Though they’ve evolved many times, HRAs aren’t new.
When the price of group health insurance began to rise in the 1960s, businesses and lawmakers began experimenting with innovations to ease the pressure. In 1974, Congress introduced HRAs through the Employee Retirement Income Security Act (ERISA).
The first HRA was the group-coverage HRA. With a group-coverage HRA, businesses could offer both a group health insurance policy and an HRA. Many businesses used the HRA to ease the pain of choosing a lower-cost, high-deductible group policy; they gave employees allowance amounts equal to the deductible or reimbursed employees for items not covered under the group policy.
In the early 2000s, HRAs evolved to become a stand-alone benefit. At their height, stand-alone HRAs could be integrated with both group and individual coverage and businesses could offer unlimited allowance amounts. Businesses could also offer different allowance amounts to different employees dependent on job-based criteria, like an employee’s title.
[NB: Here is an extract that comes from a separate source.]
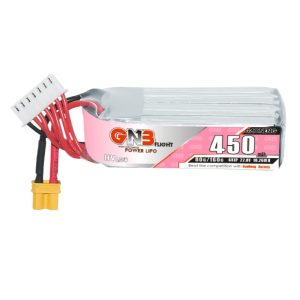 GNB 450mAh 6S 22.8V 80C HV FPV Lipo Battery for Mini Quadcopter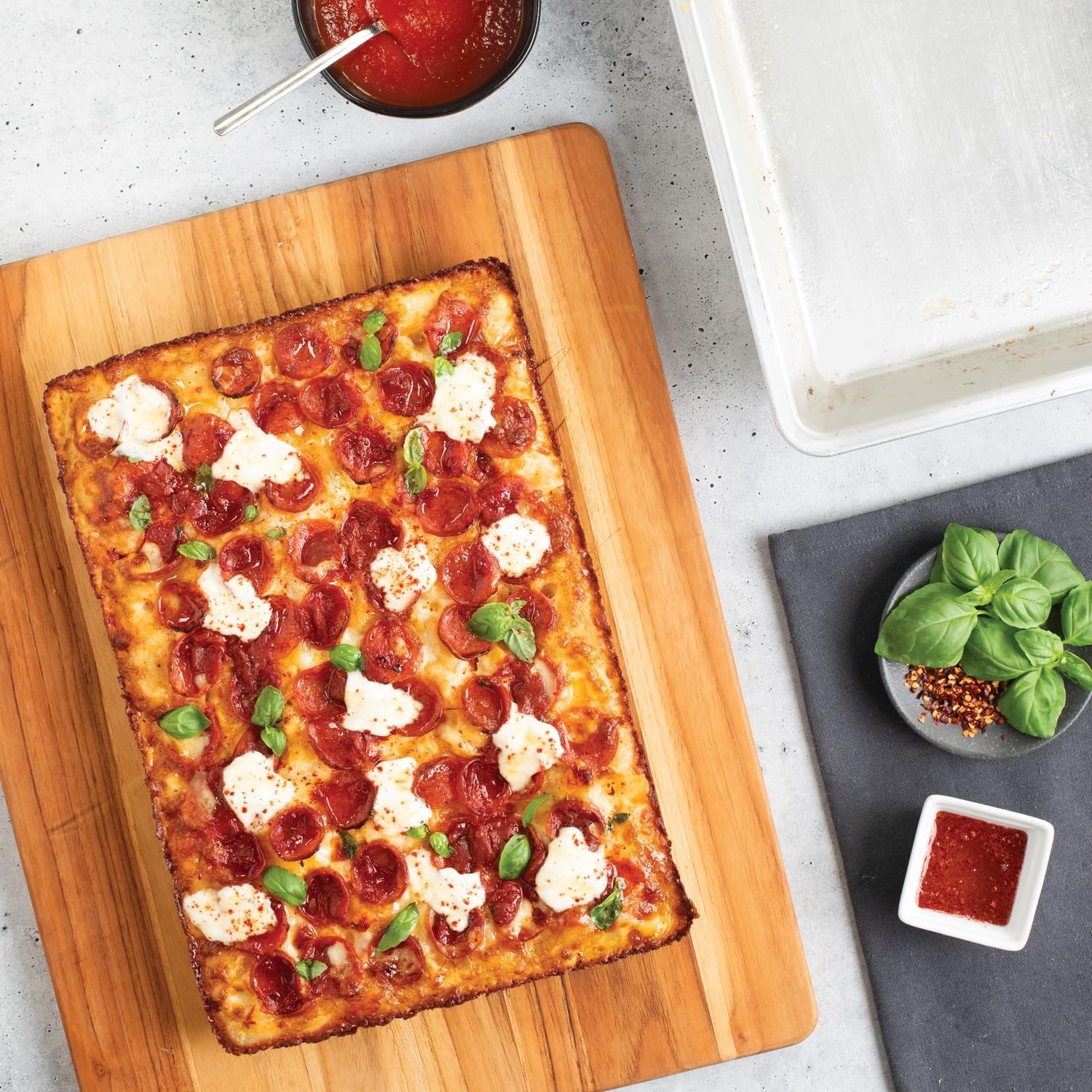image:imageNordic Ware Naturals Detroit Pizza Pan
HRAs were significantly limited by IRS interpretation of the Affordable Care Act in 2013. Following the release of IRS Notice 2013-54, only three HRAs were available: the group-coverage HRA, a stand-alone HRA set up for one person, and an HRA set up for retirees.
In 2016, Congress created a new HRA with the passage of the 21st Century Cures Act: the qualified small employer HRA (QSEHRA). With the QSEHRA, small businesses with fewer than 50 employees could offer an HRA governed by new rules specified in the legislation.
HRAs continue to expand and, in 2020, two new HRAs will be available: the individual-coverage HRA (ICHRA) and the excepted-benefit HRA. These HRAs will be available to businesses of all sizes, and will in some ways more closely resemble the stand-alone HRAs of the past.